Little Rock Look Back: Mayor Woodrow W. Mann

IMG_3231Future Little Rock Mayor Woodrow Wilson Mann was born on November 13, 1916, in Little Rock.  His tenure at Little Rock mayor was tumultuous from both things of his doing as well as events that catapulted him onto the international scene.

In 1955, he ran as the Democratic nominee for Mayor of Little Rock and defeated two term incumbent Pratt C. Remmel, a Republican.  He took office in January 1956 and immediately set about to make a lot of changes.  In addition to revitalizing the City’s bus system, and removing some color barriers at City Hall, he oversaw the dismantling of the copper dome on top of Little Rock City Hall (as opposed to the repair of the dome championed by Mayor Remmel).

Mayor Mann was caught up in a grand jury investigation into purchasing practices at City Hall as well as within the City government in North Little Rock.  Partially in response to this, Little Rock voters approved a new form of government in late 1956.  Mayor Mann opposed the switch to the City Manager form and refused to set the election for the new officials but was ultimately compelled to do so.

He was also Mayor during the 1957 integration of Little Rock Central High School.  He sought to keep the peace and to broker a deal between President Dwight Eisenhower and Governor Orval Faubus.  His powers within the city were, no doubt, hampered because of his lame duck status as Mayor.  In November 1957 following the election of the new City Board of Directors, he chaired his last City Council meeting and left office.

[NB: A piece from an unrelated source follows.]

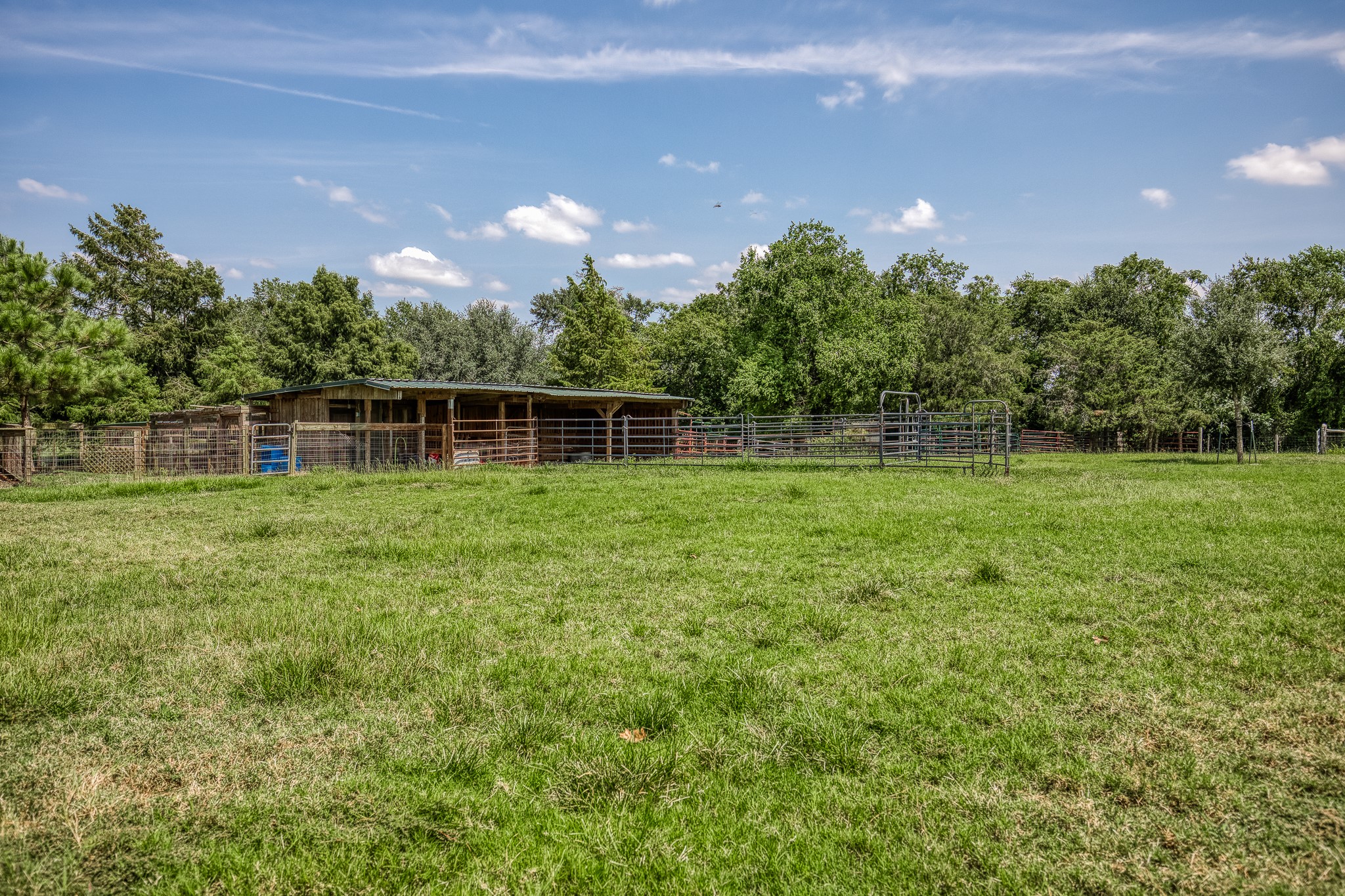 38134 Canty Road Hempstead, TX 77445 - Photo 41 of 48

In January of 1958, a series of articles written by Mayor Mann detailed his perspective on the events at Central High. These were carried by newspapers throughout the US.

Because of ill will toward him due to the Central High crisis (he was criticized by both sides) and grand jury investigation, Mayor Mann felt it would be difficult to maintain his insurance business in Little Rock. He moved to Texas in 1959 and remained there the rest of his life.  He died in Houston on August 6, 2002.

An entry about Mayor Mann in the Encyclopedia of Arkansas History and Culture can be found here.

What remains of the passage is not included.